Start of Data records

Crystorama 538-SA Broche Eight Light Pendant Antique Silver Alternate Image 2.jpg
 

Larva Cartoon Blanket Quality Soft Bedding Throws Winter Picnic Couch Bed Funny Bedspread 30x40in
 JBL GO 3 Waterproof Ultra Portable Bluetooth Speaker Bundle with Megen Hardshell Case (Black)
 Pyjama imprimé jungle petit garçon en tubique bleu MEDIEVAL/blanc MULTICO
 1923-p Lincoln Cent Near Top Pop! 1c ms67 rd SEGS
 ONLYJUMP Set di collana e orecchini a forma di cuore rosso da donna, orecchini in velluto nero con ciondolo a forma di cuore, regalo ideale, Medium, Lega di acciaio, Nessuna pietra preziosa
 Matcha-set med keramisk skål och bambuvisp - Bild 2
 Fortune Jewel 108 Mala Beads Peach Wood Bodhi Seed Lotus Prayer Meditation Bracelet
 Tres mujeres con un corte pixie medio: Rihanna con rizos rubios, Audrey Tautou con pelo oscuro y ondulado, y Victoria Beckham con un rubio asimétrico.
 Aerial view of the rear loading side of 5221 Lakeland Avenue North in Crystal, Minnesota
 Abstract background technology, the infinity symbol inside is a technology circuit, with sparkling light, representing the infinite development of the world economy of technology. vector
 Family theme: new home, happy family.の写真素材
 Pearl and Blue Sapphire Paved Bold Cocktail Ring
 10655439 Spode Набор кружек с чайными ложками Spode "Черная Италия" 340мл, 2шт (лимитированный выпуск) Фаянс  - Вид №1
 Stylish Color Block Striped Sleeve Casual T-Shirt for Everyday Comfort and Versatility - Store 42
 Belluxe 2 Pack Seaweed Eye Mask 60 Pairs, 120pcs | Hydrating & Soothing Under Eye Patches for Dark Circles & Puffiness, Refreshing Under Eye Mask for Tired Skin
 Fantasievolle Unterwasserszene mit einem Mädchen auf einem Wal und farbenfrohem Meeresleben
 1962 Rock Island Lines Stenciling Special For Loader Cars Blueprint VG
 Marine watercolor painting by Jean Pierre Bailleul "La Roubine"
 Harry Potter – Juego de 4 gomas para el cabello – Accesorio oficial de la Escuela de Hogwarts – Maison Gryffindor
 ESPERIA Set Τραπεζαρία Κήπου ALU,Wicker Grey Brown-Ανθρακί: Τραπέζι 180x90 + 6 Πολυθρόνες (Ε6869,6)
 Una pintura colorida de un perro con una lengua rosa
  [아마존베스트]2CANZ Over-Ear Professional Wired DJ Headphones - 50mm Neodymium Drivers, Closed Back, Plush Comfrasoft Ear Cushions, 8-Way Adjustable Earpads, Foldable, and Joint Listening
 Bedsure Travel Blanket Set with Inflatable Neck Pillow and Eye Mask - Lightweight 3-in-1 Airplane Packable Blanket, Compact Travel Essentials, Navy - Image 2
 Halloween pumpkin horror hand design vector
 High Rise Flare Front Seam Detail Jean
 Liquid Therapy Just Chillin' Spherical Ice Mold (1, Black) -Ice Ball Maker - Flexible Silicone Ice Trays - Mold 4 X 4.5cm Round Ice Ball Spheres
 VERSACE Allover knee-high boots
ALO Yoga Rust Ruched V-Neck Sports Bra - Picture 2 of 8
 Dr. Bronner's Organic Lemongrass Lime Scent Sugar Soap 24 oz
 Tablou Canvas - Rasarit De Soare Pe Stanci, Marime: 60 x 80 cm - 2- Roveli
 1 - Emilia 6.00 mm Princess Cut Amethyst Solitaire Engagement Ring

End of Data records

(Work to complete) Write out a verbatim copy of the data, beginning with its first line and ending with the line that contains "10655439 Spode Набор".

(Exercise answer)
Crystorama 538-SA Broche Eight Light Pendant Antique Silver Alternate Image 2.jpg
 

Larva Cartoon Blanket Quality Soft Bedding Throws Winter Picnic Couch Bed Funny Bedspread 30x40in
 JBL GO 3 Waterproof Ultra Portable Bluetooth Speaker Bundle with Megen Hardshell Case (Black)
 Pyjama imprimé jungle petit garçon en tubique bleu MEDIEVAL/blanc MULTICO
 1923-p Lincoln Cent Near Top Pop! 1c ms67 rd SEGS
 ONLYJUMP Set di collana e orecchini a forma di cuore rosso da donna, orecchini in velluto nero con ciondolo a forma di cuore, regalo ideale, Medium, Lega di acciaio, Nessuna pietra preziosa
 Matcha-set med keramisk skål och bambuvisp - Bild 2
 Fortune Jewel 108 Mala Beads Peach Wood Bodhi Seed Lotus Prayer Meditation Bracelet
 Tres mujeres con un corte pixie medio: Rihanna con rizos rubios, Audrey Tautou con pelo oscuro y ondulado, y Victoria Beckham con un rubio asimétrico.
 Aerial view of the rear loading side of 5221 Lakeland Avenue North in Crystal, Minnesota
 Abstract background technology, the infinity symbol inside is a technology circuit, with sparkling light, representing the infinite development of the world economy of technology. vector
 Family theme: new home, happy family.の写真素材
 Pearl and Blue Sapphire Paved Bold Cocktail Ring
 10655439 Spode Набор кружек с чайными ложками Spode "Черная Италия" 340мл, 2шт (лимитированный выпуск) Фаянс  - Вид №1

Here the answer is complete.